### EXERCISE AIM:
The required output is the lines below from the line containing "Toread Sepatu Pria" to the line containing "Lady Gaga pokorila", inclusive, retyped exactly. No other lines belong in it.

** Opening EXTRACTED MATERIAL block **

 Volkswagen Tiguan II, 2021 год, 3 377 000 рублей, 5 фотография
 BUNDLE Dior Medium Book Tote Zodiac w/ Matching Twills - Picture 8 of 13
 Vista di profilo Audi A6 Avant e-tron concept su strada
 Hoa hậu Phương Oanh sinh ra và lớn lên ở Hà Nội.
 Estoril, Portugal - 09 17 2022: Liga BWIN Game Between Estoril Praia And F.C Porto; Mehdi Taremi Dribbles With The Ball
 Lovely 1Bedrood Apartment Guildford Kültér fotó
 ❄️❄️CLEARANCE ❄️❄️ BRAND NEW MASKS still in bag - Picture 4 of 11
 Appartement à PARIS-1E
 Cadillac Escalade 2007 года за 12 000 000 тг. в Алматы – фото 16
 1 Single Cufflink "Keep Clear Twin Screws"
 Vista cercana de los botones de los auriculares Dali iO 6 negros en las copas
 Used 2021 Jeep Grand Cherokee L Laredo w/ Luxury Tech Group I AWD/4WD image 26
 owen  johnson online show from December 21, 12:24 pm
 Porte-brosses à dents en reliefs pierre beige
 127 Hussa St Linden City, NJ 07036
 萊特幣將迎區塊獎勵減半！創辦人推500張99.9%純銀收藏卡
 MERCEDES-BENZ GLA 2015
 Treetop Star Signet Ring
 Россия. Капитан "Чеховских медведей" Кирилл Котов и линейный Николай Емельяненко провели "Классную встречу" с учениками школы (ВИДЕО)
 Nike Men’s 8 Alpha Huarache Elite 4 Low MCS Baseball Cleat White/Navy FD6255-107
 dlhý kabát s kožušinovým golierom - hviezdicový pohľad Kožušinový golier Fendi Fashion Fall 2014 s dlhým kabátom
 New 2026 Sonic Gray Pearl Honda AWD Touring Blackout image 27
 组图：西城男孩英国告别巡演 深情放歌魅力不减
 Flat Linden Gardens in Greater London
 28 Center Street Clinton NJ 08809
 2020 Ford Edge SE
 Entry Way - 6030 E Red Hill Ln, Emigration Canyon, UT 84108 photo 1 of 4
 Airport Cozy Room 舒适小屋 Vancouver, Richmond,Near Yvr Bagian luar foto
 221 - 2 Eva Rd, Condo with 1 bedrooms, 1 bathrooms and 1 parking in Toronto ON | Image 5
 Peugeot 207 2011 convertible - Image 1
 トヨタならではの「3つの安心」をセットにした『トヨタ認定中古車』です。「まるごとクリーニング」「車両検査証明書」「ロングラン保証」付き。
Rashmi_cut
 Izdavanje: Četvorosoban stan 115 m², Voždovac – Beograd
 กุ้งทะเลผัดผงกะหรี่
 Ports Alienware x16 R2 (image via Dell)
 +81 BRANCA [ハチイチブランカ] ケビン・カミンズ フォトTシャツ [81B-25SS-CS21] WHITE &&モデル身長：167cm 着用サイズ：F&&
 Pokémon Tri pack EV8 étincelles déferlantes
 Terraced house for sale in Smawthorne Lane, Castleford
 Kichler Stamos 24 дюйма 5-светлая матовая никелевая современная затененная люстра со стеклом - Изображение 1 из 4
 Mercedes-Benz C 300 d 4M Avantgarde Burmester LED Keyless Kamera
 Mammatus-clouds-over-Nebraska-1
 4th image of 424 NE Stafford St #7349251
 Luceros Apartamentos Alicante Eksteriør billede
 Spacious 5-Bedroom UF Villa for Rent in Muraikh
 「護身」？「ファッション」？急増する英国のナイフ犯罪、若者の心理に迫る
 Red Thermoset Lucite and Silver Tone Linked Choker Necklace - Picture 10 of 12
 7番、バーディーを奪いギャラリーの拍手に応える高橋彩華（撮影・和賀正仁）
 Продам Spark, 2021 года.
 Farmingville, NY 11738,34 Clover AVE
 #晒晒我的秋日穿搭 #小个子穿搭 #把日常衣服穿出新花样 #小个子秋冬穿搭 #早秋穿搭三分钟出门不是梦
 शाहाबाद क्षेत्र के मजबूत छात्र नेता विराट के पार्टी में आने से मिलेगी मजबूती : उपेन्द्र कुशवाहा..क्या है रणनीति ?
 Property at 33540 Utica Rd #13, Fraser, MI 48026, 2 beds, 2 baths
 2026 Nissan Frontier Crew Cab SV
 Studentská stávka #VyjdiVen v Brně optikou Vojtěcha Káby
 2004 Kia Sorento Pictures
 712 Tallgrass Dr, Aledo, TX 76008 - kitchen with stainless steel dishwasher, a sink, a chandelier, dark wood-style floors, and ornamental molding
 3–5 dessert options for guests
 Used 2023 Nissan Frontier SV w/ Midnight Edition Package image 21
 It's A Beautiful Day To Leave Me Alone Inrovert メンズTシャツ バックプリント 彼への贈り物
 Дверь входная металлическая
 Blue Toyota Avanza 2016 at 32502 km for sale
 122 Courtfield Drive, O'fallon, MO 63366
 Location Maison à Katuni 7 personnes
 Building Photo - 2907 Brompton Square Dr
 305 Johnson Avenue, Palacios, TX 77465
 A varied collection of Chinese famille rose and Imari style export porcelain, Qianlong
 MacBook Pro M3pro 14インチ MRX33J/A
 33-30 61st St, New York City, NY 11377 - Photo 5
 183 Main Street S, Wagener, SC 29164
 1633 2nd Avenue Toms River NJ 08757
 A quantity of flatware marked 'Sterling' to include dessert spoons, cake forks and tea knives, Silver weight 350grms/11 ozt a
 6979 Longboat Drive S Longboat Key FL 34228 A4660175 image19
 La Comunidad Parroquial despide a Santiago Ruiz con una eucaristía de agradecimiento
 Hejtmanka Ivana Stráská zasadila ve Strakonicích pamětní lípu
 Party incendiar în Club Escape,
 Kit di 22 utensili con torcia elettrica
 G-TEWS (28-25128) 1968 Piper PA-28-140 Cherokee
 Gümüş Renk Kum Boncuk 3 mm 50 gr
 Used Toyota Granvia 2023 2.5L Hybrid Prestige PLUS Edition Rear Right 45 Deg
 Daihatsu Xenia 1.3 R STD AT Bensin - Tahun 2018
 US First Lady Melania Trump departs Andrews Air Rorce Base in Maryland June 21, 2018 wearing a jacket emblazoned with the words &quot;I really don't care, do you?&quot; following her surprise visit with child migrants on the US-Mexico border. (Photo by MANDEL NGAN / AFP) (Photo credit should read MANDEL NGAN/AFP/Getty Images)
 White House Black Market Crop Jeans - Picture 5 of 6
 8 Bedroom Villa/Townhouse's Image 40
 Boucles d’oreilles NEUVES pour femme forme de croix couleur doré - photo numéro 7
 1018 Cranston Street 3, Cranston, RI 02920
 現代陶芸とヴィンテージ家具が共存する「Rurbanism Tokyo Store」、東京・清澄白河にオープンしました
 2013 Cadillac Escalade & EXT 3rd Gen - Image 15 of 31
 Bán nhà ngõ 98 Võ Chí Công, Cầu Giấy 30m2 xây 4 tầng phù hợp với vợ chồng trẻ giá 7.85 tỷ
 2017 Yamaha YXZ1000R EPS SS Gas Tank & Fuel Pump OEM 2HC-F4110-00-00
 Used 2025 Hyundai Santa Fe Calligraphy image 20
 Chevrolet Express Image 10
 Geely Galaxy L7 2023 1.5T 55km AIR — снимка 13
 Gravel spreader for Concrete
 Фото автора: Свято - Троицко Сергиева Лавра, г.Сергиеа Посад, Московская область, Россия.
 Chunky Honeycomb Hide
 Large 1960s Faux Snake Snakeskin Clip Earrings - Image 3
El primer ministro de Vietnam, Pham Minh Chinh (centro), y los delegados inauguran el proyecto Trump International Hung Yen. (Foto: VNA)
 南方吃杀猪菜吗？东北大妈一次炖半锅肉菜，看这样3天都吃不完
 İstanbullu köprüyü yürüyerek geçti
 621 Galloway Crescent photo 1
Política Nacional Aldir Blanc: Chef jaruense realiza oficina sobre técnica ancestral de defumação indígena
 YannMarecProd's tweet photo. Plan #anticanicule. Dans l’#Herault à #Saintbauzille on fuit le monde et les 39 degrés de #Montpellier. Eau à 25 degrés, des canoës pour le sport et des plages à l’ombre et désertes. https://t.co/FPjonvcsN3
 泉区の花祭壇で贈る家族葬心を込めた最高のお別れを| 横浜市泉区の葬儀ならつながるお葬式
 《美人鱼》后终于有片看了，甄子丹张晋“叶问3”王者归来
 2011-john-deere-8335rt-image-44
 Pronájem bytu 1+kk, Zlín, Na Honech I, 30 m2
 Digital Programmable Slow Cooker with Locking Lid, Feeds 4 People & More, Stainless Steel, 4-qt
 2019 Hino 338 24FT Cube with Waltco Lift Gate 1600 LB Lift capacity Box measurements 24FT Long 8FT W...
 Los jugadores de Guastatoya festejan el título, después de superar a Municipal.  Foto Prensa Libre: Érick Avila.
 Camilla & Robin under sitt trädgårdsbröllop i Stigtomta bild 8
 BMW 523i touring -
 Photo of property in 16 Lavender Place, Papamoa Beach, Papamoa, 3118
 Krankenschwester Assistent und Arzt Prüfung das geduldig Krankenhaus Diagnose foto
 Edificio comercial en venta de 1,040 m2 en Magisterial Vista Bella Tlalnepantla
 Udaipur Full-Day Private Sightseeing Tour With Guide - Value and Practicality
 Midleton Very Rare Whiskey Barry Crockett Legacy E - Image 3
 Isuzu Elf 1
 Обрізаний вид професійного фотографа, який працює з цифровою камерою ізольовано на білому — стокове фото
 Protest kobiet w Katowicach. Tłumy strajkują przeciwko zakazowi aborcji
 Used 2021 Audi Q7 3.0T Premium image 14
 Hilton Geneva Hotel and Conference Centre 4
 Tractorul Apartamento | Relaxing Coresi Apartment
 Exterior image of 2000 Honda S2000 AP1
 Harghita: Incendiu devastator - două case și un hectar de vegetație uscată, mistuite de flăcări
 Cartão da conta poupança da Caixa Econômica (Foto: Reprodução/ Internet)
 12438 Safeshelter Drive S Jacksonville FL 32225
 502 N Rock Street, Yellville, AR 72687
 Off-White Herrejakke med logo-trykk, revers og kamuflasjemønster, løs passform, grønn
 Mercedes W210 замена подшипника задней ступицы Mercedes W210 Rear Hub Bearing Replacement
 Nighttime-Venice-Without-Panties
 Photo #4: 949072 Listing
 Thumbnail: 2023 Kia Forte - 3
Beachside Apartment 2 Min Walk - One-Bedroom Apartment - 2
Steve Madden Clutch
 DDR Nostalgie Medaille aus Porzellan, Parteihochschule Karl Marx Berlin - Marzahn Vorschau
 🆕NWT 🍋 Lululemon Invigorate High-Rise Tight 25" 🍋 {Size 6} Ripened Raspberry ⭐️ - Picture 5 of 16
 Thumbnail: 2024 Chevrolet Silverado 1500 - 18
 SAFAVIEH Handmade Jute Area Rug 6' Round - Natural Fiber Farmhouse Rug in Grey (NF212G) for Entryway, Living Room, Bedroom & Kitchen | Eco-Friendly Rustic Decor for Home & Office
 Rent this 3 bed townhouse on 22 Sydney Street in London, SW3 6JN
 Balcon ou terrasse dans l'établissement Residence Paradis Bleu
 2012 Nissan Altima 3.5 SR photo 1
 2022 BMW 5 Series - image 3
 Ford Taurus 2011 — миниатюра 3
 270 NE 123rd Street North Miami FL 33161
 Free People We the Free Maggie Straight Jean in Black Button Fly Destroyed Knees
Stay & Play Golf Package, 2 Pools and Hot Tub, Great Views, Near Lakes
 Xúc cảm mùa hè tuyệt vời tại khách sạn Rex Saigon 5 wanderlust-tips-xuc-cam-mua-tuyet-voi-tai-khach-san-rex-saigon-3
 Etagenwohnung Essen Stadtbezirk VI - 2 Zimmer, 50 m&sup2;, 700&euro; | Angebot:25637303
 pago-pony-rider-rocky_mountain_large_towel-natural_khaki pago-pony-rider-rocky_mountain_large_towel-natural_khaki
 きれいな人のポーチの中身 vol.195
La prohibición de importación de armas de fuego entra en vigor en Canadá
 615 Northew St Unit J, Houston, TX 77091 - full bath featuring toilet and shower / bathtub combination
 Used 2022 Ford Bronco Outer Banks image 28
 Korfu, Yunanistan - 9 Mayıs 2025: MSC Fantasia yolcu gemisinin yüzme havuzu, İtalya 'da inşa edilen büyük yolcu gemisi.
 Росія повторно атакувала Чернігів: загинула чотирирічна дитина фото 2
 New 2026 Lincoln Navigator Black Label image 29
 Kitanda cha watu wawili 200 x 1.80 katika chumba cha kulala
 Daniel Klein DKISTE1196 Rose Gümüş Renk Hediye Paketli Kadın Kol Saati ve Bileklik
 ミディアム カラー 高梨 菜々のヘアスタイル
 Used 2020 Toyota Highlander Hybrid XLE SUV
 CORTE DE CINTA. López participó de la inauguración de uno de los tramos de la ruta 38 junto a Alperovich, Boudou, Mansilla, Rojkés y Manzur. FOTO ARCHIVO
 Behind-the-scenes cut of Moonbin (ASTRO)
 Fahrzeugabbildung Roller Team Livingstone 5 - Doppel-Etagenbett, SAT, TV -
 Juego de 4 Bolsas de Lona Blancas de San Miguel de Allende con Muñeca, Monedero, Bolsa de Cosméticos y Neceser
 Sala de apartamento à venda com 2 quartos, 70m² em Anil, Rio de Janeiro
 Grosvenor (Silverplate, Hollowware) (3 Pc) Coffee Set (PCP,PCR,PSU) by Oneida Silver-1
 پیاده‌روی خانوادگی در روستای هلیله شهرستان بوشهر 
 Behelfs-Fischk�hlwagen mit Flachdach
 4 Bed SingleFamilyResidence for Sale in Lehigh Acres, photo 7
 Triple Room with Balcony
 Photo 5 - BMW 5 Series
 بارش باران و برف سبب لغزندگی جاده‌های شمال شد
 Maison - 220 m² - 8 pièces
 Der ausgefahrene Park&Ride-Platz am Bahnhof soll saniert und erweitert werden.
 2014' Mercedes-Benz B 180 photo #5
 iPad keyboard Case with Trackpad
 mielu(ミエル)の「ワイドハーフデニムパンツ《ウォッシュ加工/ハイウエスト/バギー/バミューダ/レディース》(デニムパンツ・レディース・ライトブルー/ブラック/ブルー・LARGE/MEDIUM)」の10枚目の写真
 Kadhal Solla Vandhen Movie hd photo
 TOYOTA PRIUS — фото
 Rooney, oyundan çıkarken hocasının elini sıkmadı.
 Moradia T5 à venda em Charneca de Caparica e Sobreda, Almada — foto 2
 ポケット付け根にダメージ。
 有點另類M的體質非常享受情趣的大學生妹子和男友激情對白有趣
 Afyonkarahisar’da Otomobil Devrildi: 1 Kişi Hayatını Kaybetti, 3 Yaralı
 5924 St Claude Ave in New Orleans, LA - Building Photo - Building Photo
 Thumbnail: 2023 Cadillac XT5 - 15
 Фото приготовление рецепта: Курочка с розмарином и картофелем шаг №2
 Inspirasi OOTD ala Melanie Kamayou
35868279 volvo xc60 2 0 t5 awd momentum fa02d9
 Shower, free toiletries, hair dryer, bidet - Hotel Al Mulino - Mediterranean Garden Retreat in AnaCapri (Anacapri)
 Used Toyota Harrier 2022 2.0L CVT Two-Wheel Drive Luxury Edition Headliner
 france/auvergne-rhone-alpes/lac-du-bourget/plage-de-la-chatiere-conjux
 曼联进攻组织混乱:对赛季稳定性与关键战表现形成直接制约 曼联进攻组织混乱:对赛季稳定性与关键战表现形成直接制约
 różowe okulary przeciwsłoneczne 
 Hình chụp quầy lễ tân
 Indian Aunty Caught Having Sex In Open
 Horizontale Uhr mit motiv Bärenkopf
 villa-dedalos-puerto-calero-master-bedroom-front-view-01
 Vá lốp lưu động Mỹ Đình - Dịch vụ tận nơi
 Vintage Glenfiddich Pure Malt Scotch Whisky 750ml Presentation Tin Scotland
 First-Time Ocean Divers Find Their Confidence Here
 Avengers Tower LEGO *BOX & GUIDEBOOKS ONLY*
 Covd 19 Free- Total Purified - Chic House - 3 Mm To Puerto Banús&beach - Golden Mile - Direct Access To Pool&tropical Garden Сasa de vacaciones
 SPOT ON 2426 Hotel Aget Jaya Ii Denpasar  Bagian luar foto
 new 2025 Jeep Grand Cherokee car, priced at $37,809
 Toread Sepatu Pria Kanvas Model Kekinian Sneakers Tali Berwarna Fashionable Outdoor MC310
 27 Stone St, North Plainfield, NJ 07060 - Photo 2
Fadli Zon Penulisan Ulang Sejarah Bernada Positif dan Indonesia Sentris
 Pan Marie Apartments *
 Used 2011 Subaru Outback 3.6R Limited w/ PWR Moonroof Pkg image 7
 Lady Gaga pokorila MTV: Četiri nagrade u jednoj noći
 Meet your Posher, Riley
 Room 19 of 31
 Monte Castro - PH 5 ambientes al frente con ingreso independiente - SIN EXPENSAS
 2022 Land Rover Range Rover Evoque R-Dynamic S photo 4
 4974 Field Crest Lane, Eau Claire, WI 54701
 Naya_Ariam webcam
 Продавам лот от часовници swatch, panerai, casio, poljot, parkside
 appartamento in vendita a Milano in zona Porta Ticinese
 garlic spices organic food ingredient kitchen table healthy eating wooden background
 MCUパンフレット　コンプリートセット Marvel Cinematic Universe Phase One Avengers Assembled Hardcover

** Closing EXTRACTED MATERIAL block **

### OUTPUT OF THE TASK:
 Toread Sepatu Pria Kanvas Model Kekinian Sneakers Tali Berwarna Fashionable Outdoor MC310
 27 Stone St, North Plainfield, NJ 07060 - Photo 2
Fadli Zon Penulisan Ulang Sejarah Bernada Positif dan Indonesia Sentris
 Pan Marie Apartments *
 Used 2011 Subaru Outback 3.6R Limited w/ PWR Moonroof Pkg image 7
 Lady Gaga pokorila MTV: Četiri nagrade u jednoj noći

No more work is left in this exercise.